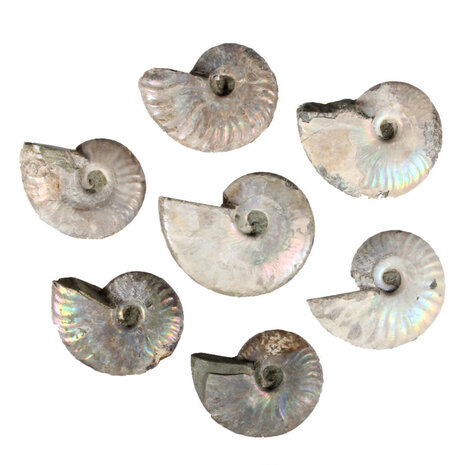 Ammoniet fossiel 25 - 50 gram Ammoniet fossiel 25 - 50 gram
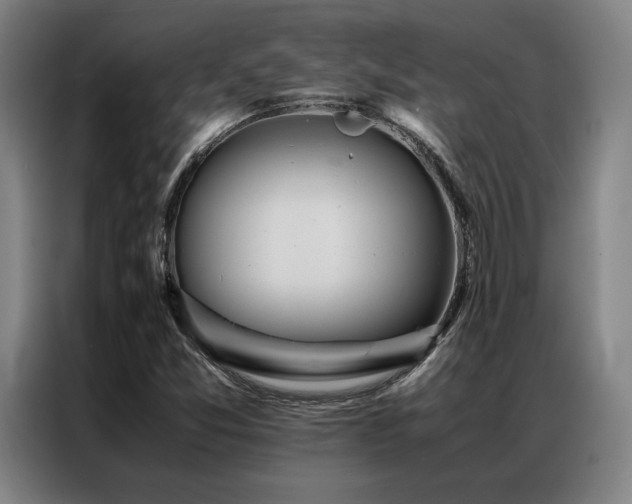 X0000087371357200704201220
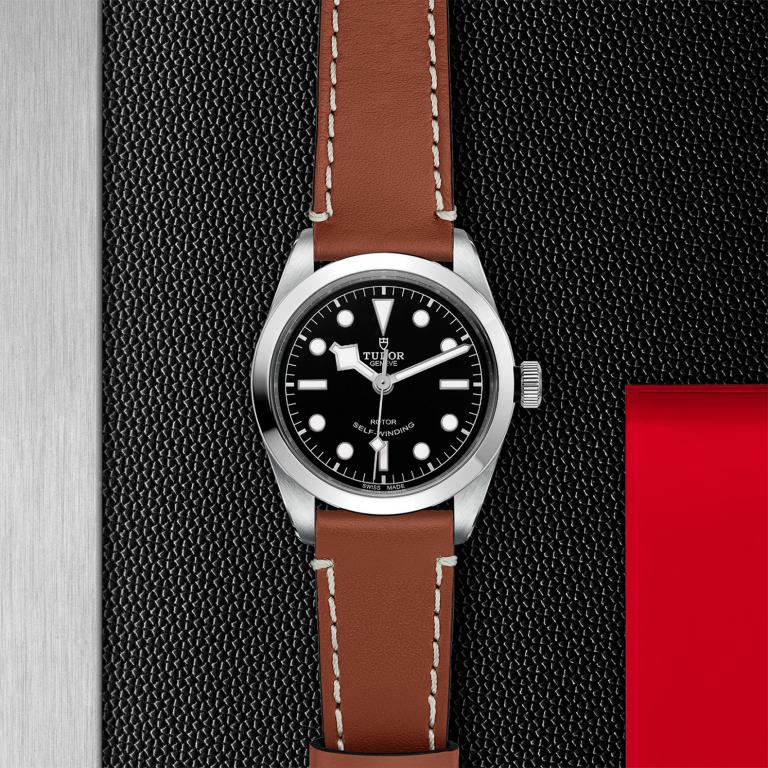 TUDOR Black Bay 36 slide 1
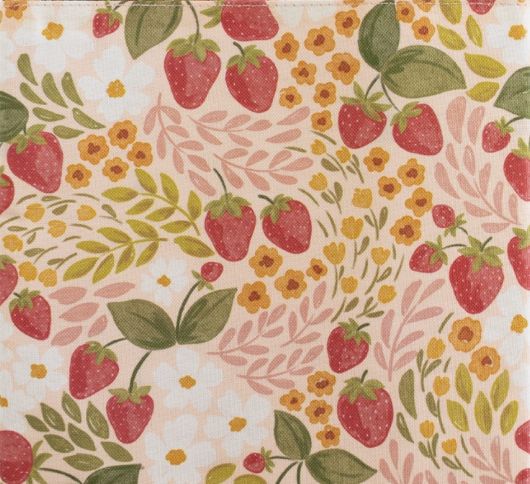 Strawberry Floral Kindle Case (6” Basic)
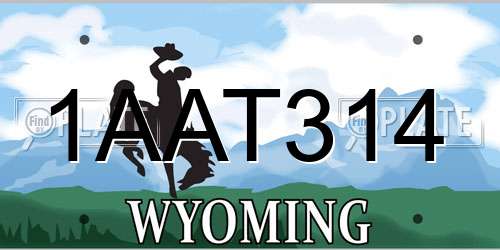 1AAT314 Wyoming License Plate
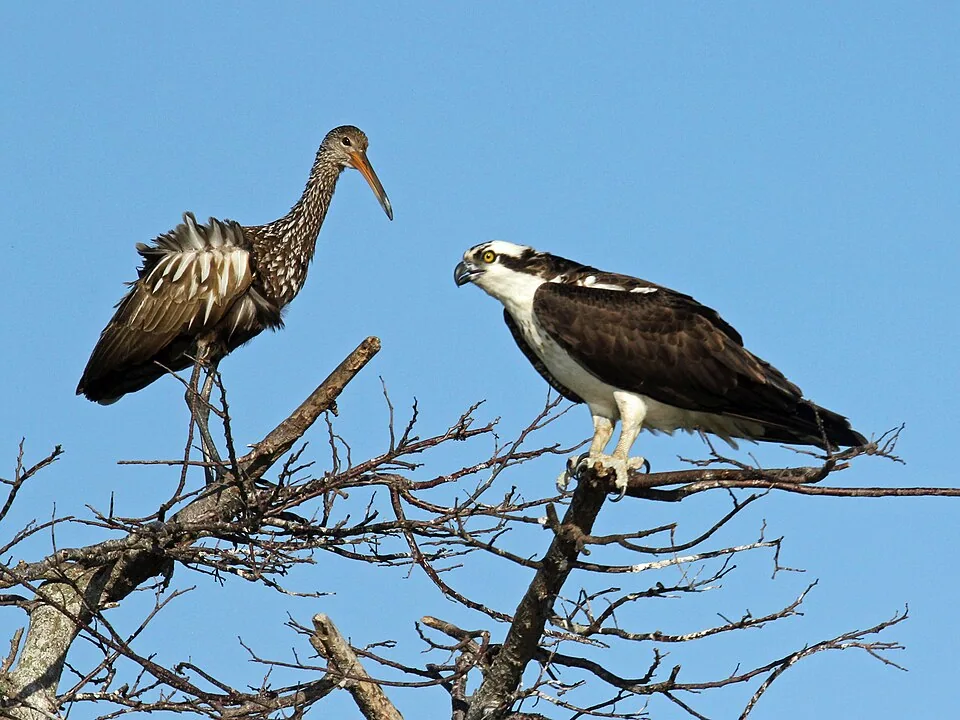 Osprey and limpkin · birdlife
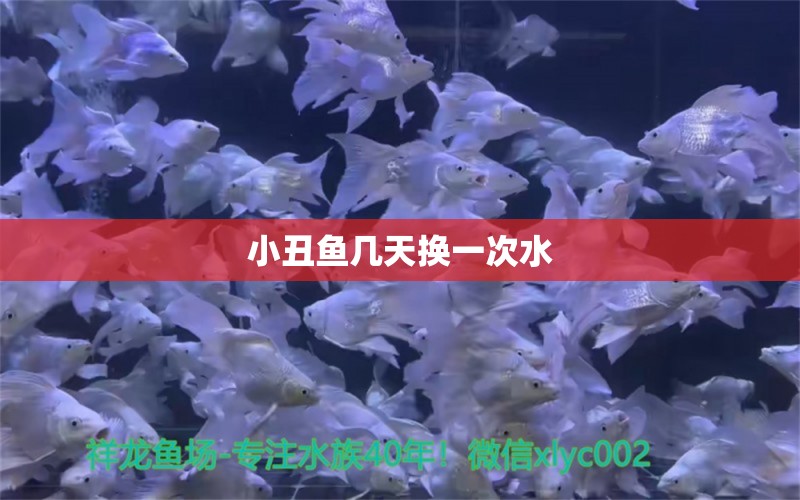 小丑鱼几天换一次水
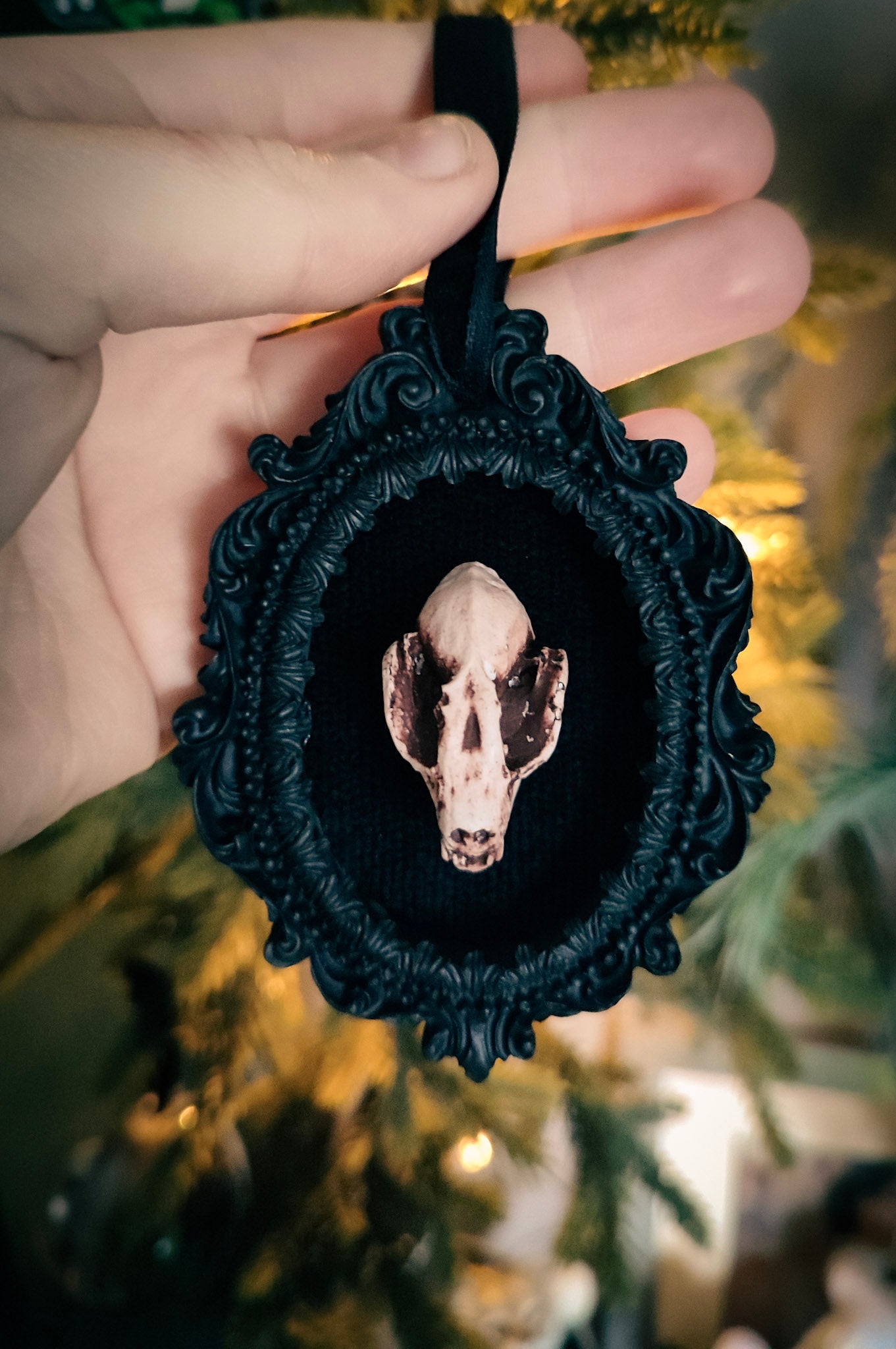 Framed bat skull christmas decoration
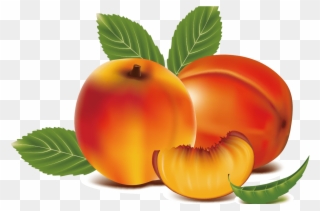 Peach Clipart Apricot Free Clipart On Dumielauxepicesnet - Ảnh Hoa Quả - Png Download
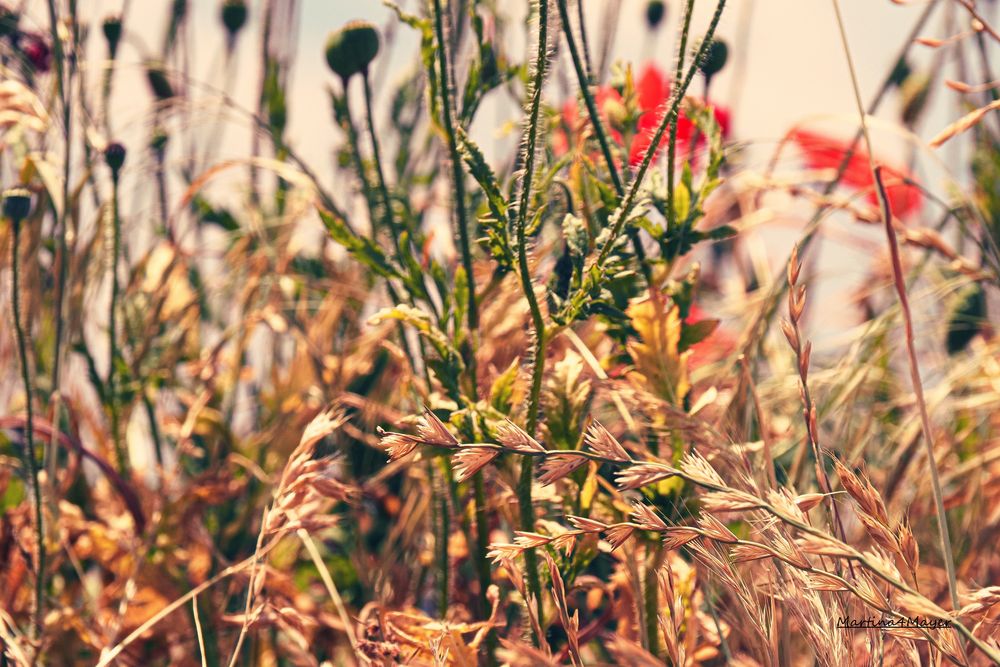 @Gräser Mohn und noch mehr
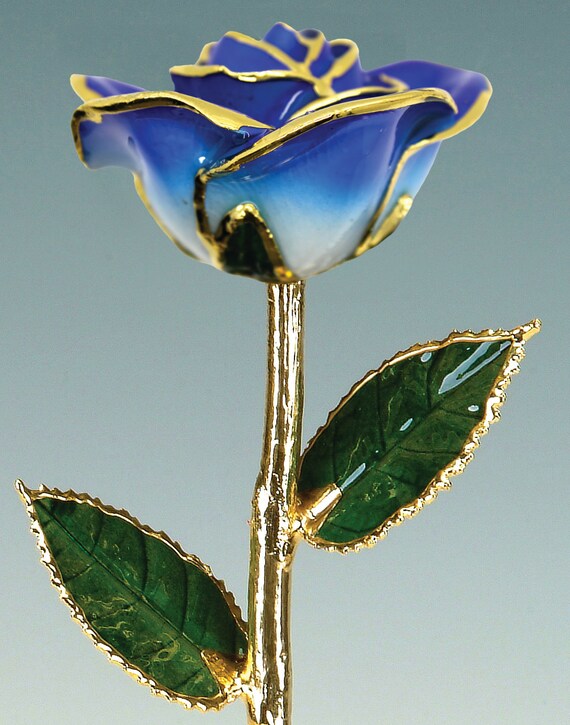 2-Tone Dark Blue 24k Gold Rose by Living Gold - Real Rose Dipped in Gold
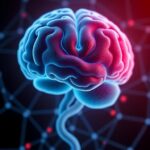 Increased Connectivity Linked To Early Dlb Symptoms 1781004281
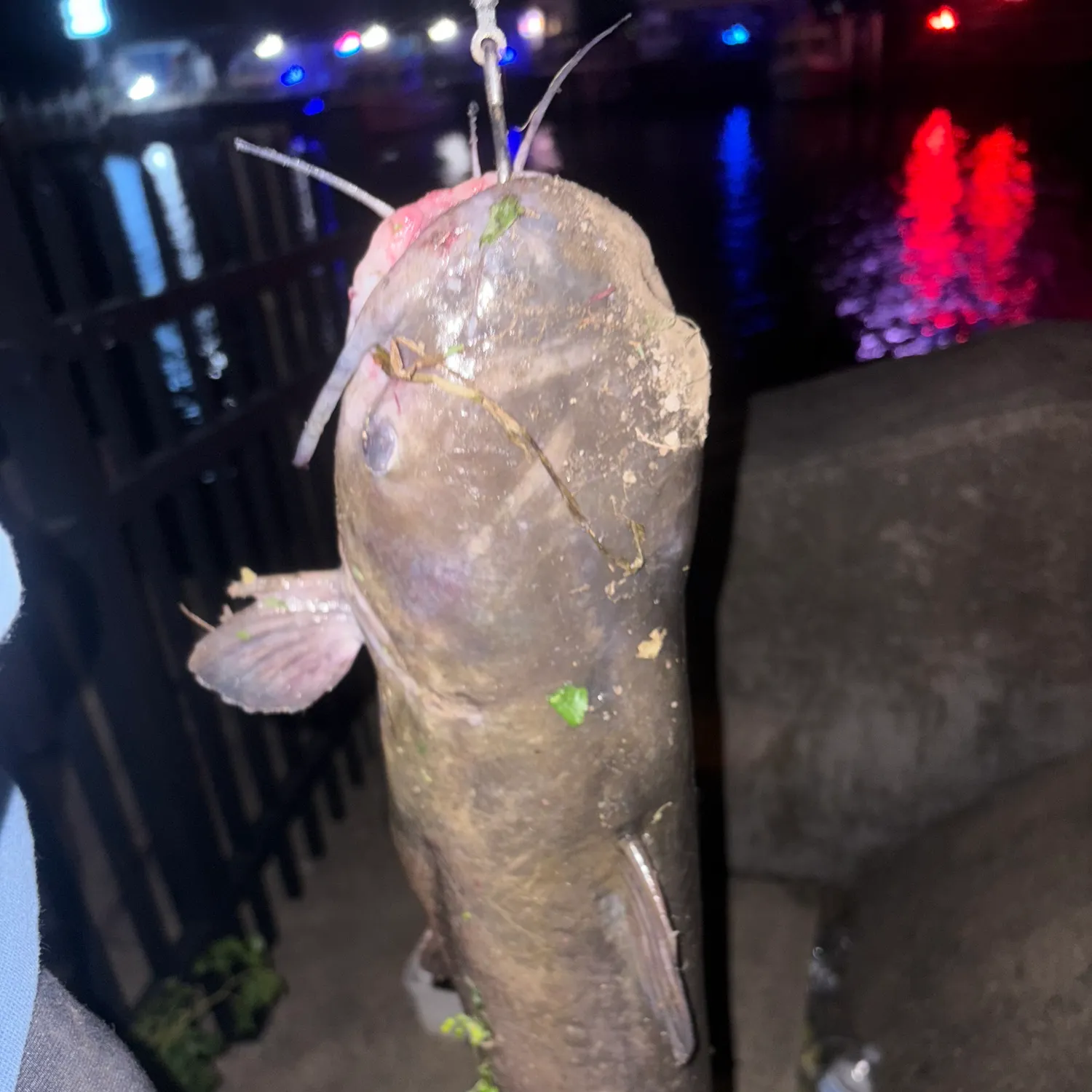 Channel catfish caught on Fishbrain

EXERCISE PROMPT:
All of the data above should be printed again exactly, though none of the pictures belong in the copy.

FINISHED EXERCISE:
 Ammoniet fossiel 25 - 50 gram Ammoniet fossiel 25 - 50 gram
 X0000087371357200704201220
 TUDOR Black Bay 36 slide 1
 Strawberry Floral Kindle Case (6” Basic)
 1AAT314 Wyoming License Plate
 Osprey and limpkin · birdlife
 小丑鱼几天换一次水
 Framed bat skull christmas decoration
 Peach Clipart Apricot Free Clipart On Dumielauxepicesnet - Ảnh Hoa Quả - Png Download
 @Gräser Mohn und noch mehr
 2-Tone Dark Blue 24k Gold Rose by Living Gold - Real Rose Dipped in Gold
 Increased Connectivity Linked To Early Dlb Symptoms 1781004281
 Channel catfish caught on Fishbrain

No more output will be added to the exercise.